══ Source material ══

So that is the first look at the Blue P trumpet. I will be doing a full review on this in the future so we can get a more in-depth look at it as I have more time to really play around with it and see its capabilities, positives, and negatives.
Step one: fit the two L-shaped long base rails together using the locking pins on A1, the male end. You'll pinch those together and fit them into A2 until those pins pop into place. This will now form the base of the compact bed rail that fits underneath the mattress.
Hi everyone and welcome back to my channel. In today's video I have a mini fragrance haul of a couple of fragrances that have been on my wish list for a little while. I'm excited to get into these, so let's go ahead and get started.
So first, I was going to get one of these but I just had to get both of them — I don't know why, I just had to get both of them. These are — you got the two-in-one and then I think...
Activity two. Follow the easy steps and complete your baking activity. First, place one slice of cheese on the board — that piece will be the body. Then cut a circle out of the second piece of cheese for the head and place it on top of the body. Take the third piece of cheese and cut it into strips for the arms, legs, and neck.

═══
══ Source material ══

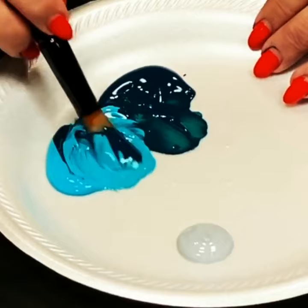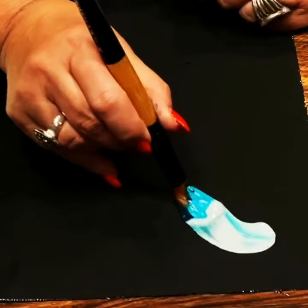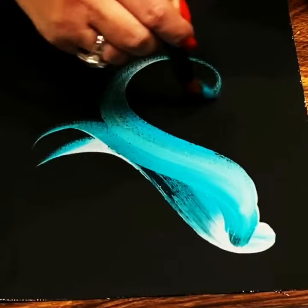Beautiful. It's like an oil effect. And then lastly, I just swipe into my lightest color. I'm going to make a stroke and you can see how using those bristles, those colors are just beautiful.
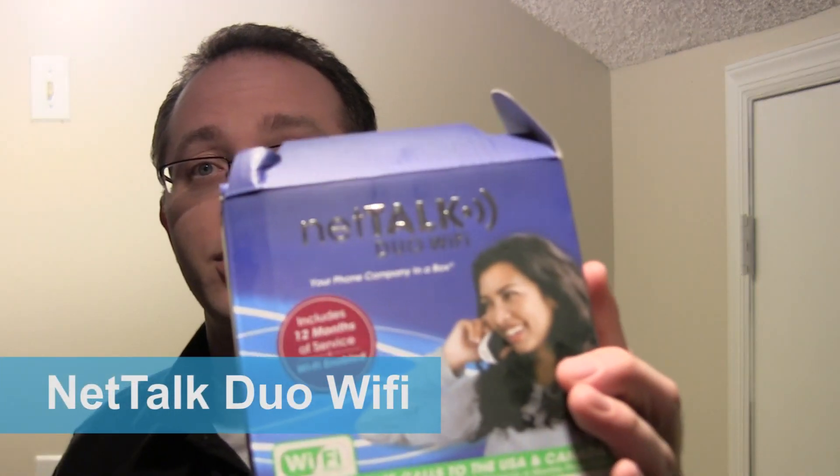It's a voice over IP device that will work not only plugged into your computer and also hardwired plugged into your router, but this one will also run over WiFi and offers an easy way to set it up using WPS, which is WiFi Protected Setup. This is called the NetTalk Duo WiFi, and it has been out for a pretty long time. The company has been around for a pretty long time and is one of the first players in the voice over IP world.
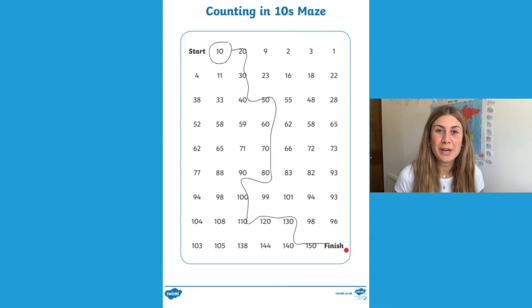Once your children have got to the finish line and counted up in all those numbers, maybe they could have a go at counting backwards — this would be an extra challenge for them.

═══

# Task to complete
Beginning with the line that contains "Beautiful. It's like" and ending with the line that contains "Once your children", reproduce the listing exactly, pictures excluded.

# Response area
Beautiful. It's like an oil effect. And then lastly, I just swipe into my lightest color. I'm going to make a stroke and you can see how using those bristles, those colors are just beautiful.
It's a voice over IP device that will work not only plugged into your computer and also hardwired plugged into your router, but this one will also run over WiFi and offers an easy way to set it up using WPS, which is WiFi Protected Setup. This is called the NetTalk Duo WiFi, and it has been out for a pretty long time. The company has been around for a pretty long time and is one of the first players in the voice over IP world.
Once your children have got to the finish line and counted up in all those numbers, maybe they could have a go at counting backwards — this would be an extra challenge for them.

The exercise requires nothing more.